Carpenters Push Triennial Alternative for Say-on-Pay

Broc Romanek, CompensationStandards.com

One of those things I’ve been meaning to blog about – and no one else was blogging about until Mark Borges covered it this morning in his blog. A few weeks ago, Ed Durkin and the United Brotherhood of Carpenters Pension Fund has submitted a new shareholder proposal to 20 companies seeking a triennial vote on pay rather than an annual one.

The rationale is that this would help shareholders by reducing the number of companies they would have to analyze each year – and would help companies as they wouldn’t have to face an annual battle over their pay practices.
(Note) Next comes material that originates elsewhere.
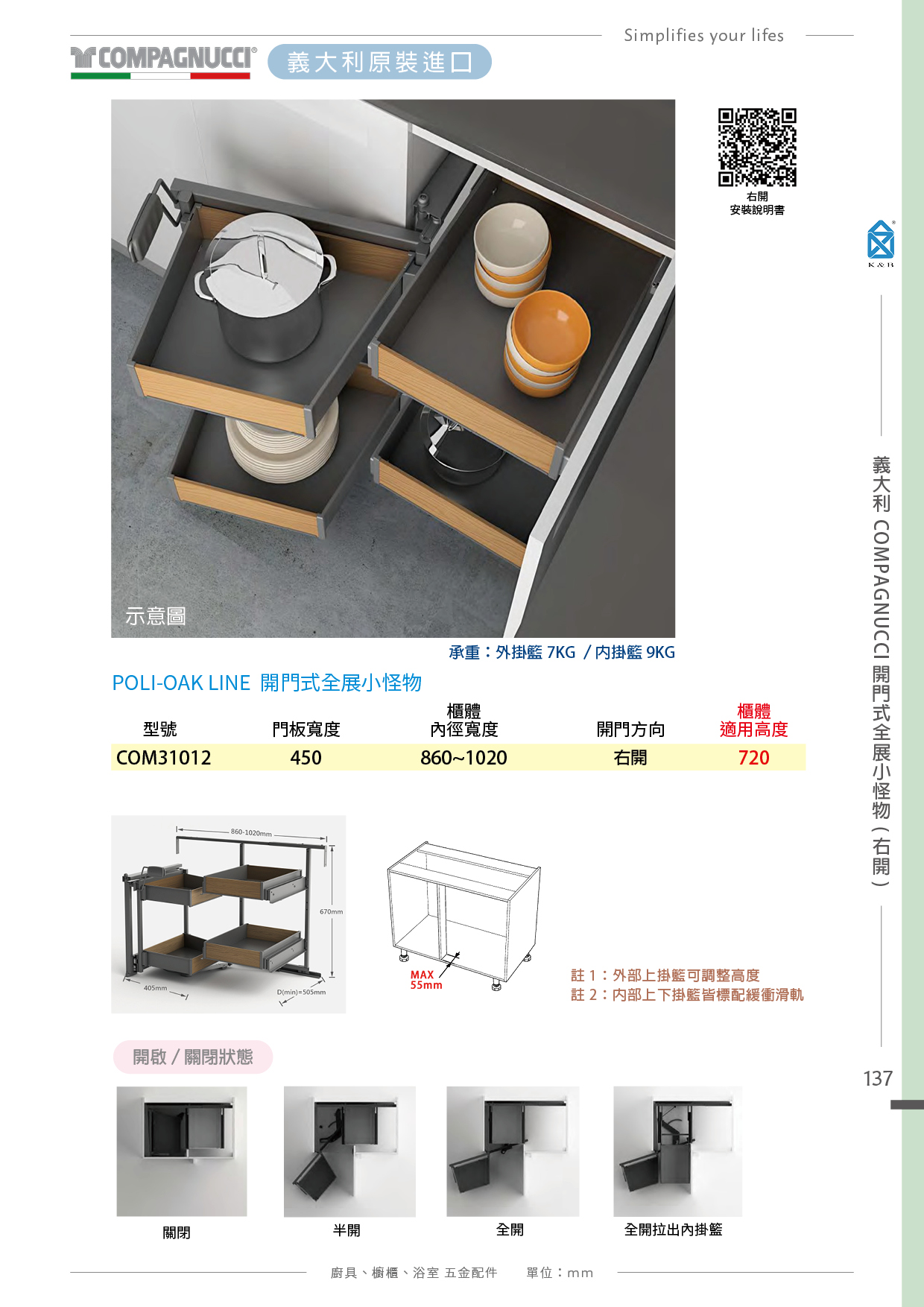 P132-141 義大利COMPAGNUCCI 廚具多功能五金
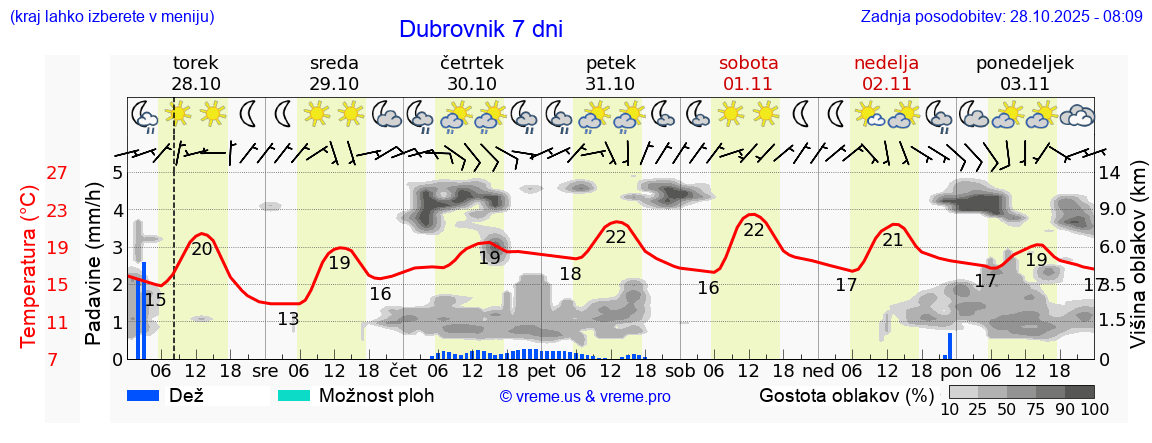 Vreme 7 dni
As Mark notes, the triennial executive pay (known as “TEP”) proposal would require:

– In addition to an overall vote on named executive officer compensation, separate votes on a company’s (i) annual incentive plan, (ii) long-term incentive plan, and (iii) post-employment benefits (including retirement, severance, and change-in-control payments); and

– A “forum” between the compensation committee and shareholders on at least a triennial basis to discuss senior executive compensation policies and practices.
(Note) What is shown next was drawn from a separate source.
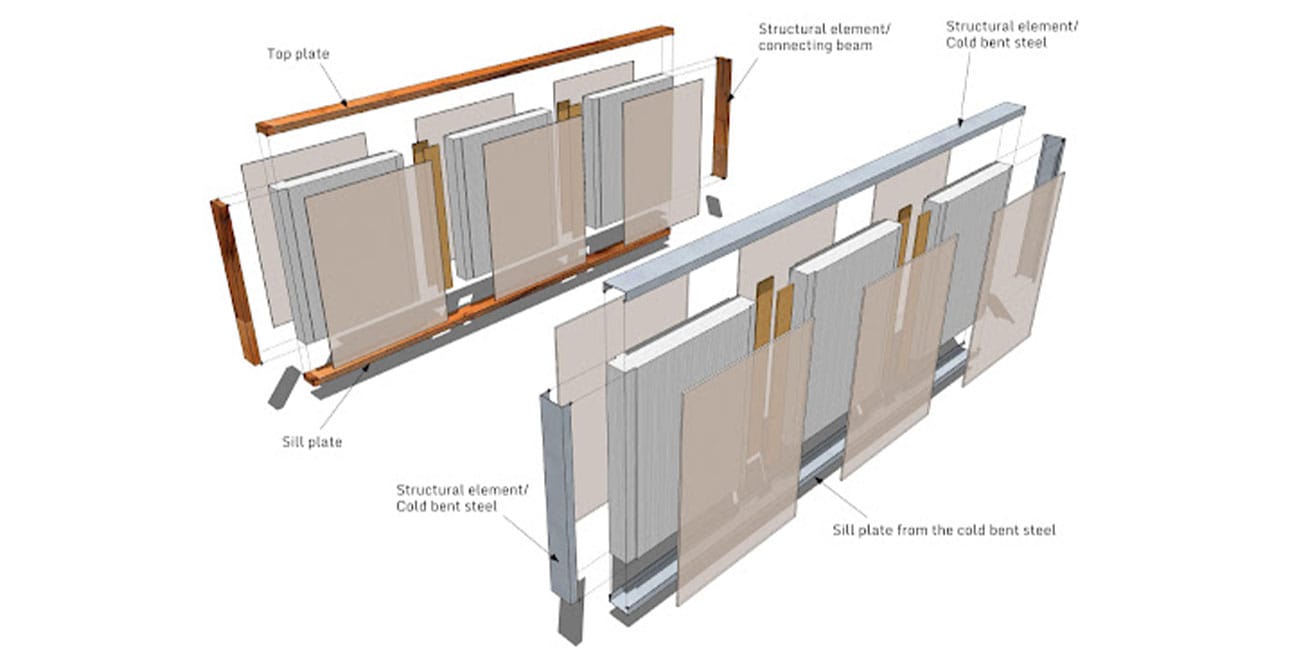 Magnesium Oxide SIP Panels Structure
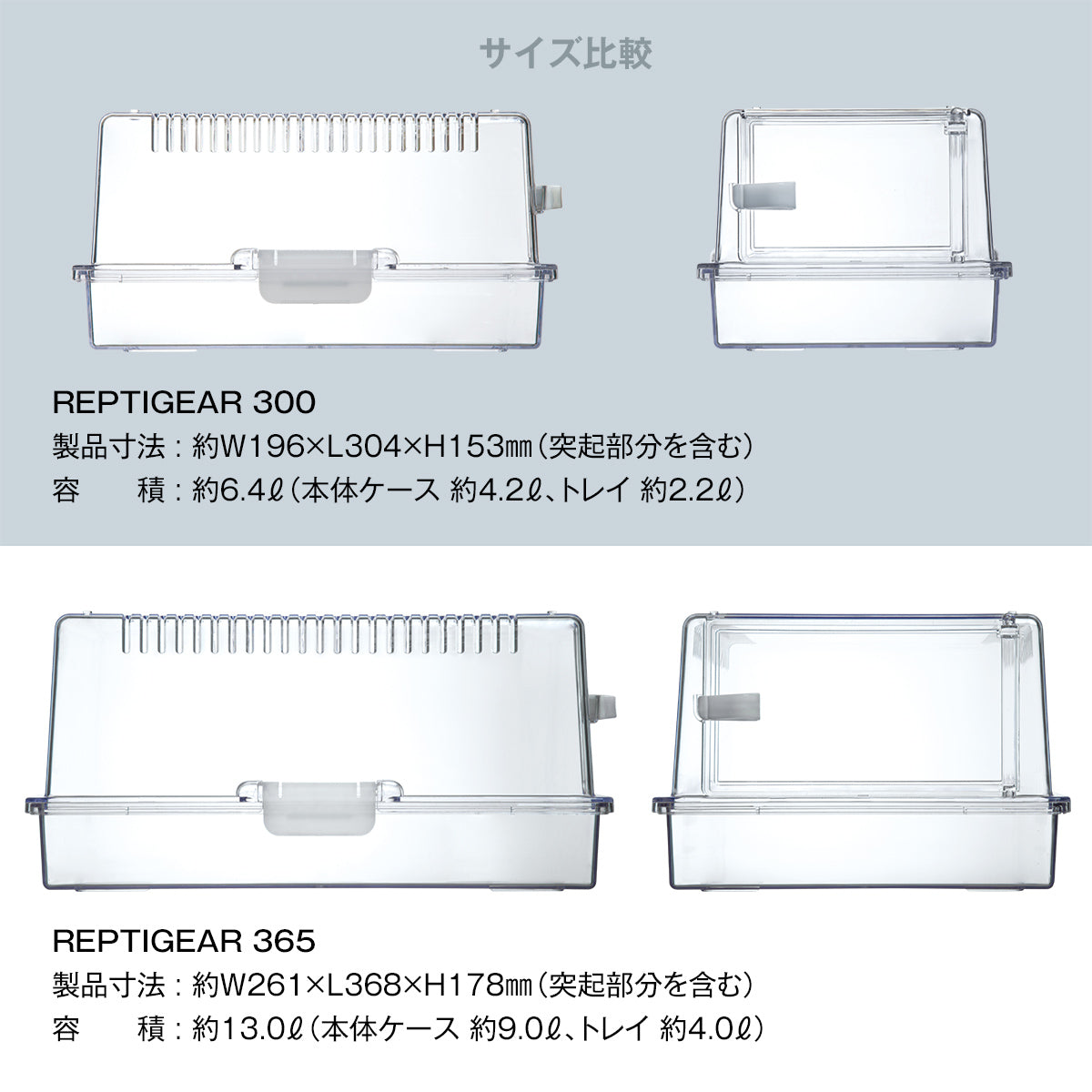 スドー レプティギア 300×4箱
In talking to company representatives, they obviously find a vote every three years more palatable – although I think they have overlooked the fact that the Carpenter’s forum idea is something that could be much more frequent (eg. Intel recently launched a stockholder forum leading up to tomorrow’s annual shareholders meeting).
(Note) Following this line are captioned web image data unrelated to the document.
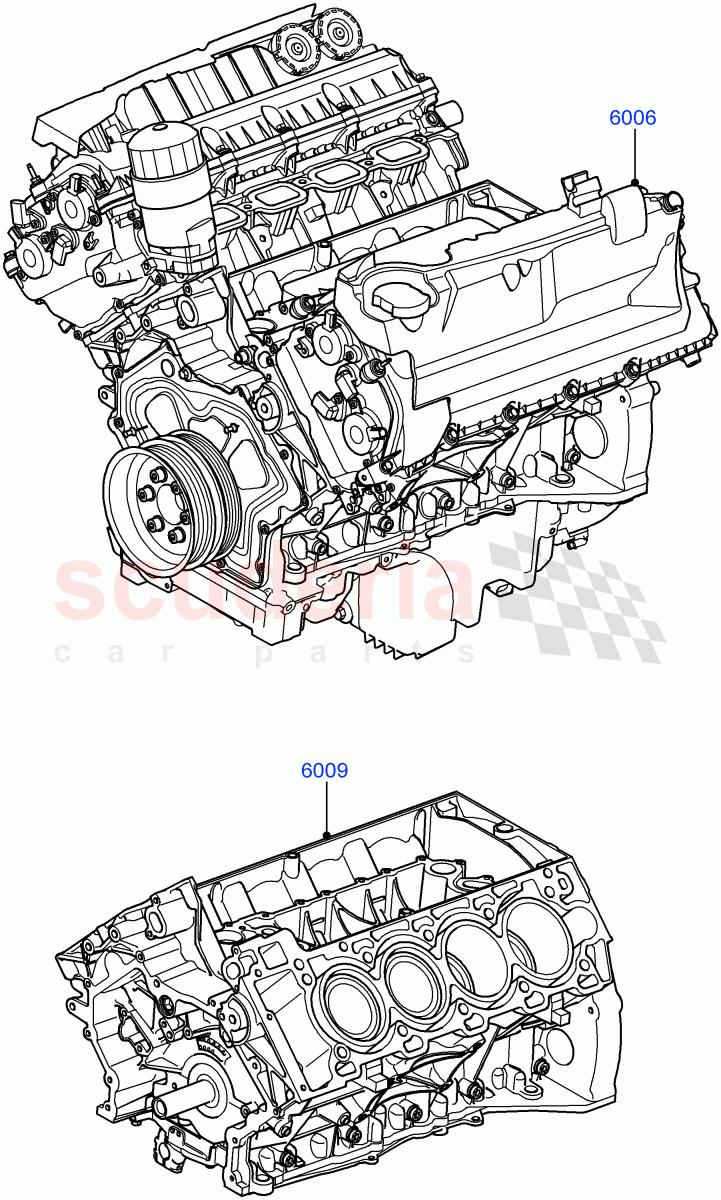 Service Engine And Short Block (5.0L P AJ133 DOHC CDA S/C Enhanced) ((V) FROMKA000001) of Land Rover Land Rover Range Rover Velar (2017+) [5.0 OHC SGDI SC V8 Petrol]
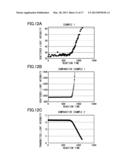 GEL PARTICLE MEASUREMENT DEVICE diagram and image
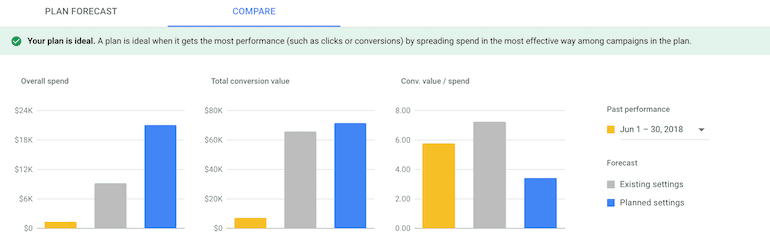 performance planner compare tab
I agree with Mark that this idea’s weakness is how to deal with corporate implosions between the triennial votes. My solution would be a safety valve where shareholders could gather and trigger a vote, much like the idea of triggering proxy access. In other words, if a group of shareholders got together that met a ownership threshold and filed some type of certification with the SEC that states they seek a say-on-pay vote (with the filing made by a particular deadline), the company would be forced to put say-on-pay on the ballot.

But note that I’m still dubious whether say-on-pay is really meaningful anyways. I would rather rely on votes “against” compensation committee members as the signal to the board that shareholders are unhappy over pay practices. In a say-on-pay world, I worry that board will routinely get their pay packages blessed (see yesterday’s WSJ article) and that excessive pay practices won’t change.